The ongoing humanitarian crisis on Papua New Guinea’s Manus Island has spurred twelve former Australians Of The Year to pen an open letter, urging the Australian Government to allow medical professionals to access more than 400 asylum seekers who refuse to vacate the now-shuttered detention centre.

2015 recipient Rosie Batty, 2013 recipient Ita Buttrose, and 2009 recipient Mick Dodson are among those who’ve put their name to the letter, which calls for Prime Minister Malcolm Turnbull and Opposition Leader Bill Shorten to intervene in “the health and human disaster that is unfolding on Manus Island.”

Regarding Australia’s decision to cut off food, water, and electricity to the site in an apparent attempt to move the men to alternative accomodation – which asylum seekers state is woefully inadequate and unsafe – the letter says “it is inevitable that people will become sick and even die” due to the conditions.

“Australians from all walks of life, from all sides of the political spectrum, are hoping that your government will now move to prevent these consequences of neglect,” the letter says.

“We believe that it is time to stop the unacceptable and internationally criticised treatment of the refugees on Manus Island, who, though innocent of any crime, have been incarcerated and now abandoned there.”

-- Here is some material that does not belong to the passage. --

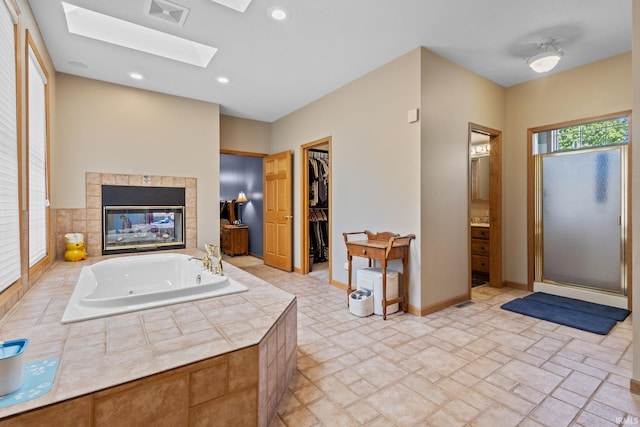 full bath with a jetted tub, a skylight, a tiled fireplace, a spacious closet, and recessed lighting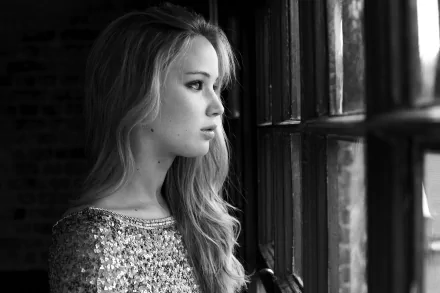 Black and white HD wallpaper featuring a celebrity in a sequined dress, gazing out a window.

The letter references a recent statement from the Australian Medical Association (AMA), which unanimously voted to offer medical assistance to the asylum seekers currently on the island.

“It is our responsibility as a nation with a strong human rights record to ensure that we look after the health and wellbeing of these men, and provide them with safe and hygienic living conditions,” AMA president Michael Gannon said earlier this week.

The letter also calls on the government to find a suitable home for the genuine asylum seekers “without any further delay.” 

The detention centre officially closed at the start of the month, after the Papua New Guinea government deemed its existence breached the fundamental human rights of detainees.